The majority found that, on application of the multiple indicia test, the delivery driver was an independent contractor. The three main reasons for this finding were:

  • Uber did not exercise control over when or how long the delivery driver performed her work. It was entirely within the driver’s control as to when she logged into the delivery app and for how long. Further, there was no obligation on her to accept any particular deliveries once logged on.
  • The delivery driver was able to perform work for other delivery services even when logged on and performing services for Uber.
  • The delivery driver was not presented to the world as an emanation of Uber. She was not required to wear a uniform, there were no Uber logos on her car and she was not required to represent Uber, other than to identify herself for collection and delivery of meals.

Accordingly, the majority dismissed the delivery driver’s appeal.

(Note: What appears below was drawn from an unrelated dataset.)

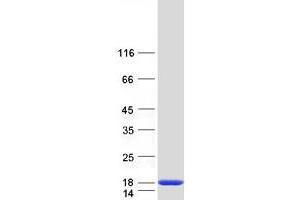 Validation with Western Blot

Deputy President Colman issued a separate judgement in which he also dismissed the appeal, but with somewhat different reasoning to that of the majority. The Deputy President agreed with Uber and found that the relationship between Uber and the driver was commercial and was neither employment nor an independent contracting arrangement.

This case is the most recent in a string of Australian decisions that have found that gig-economy drivers and delivery drivers are not employees.

Information provided in this blog is not legal advice and should not be relied upon as such. Workplace Law does not accept liability for any loss or damage arising from reliance on the content of this blog, or from links on this website to any external website. Where applicable, liability is limited by a scheme approved under Professional Standards Legislation.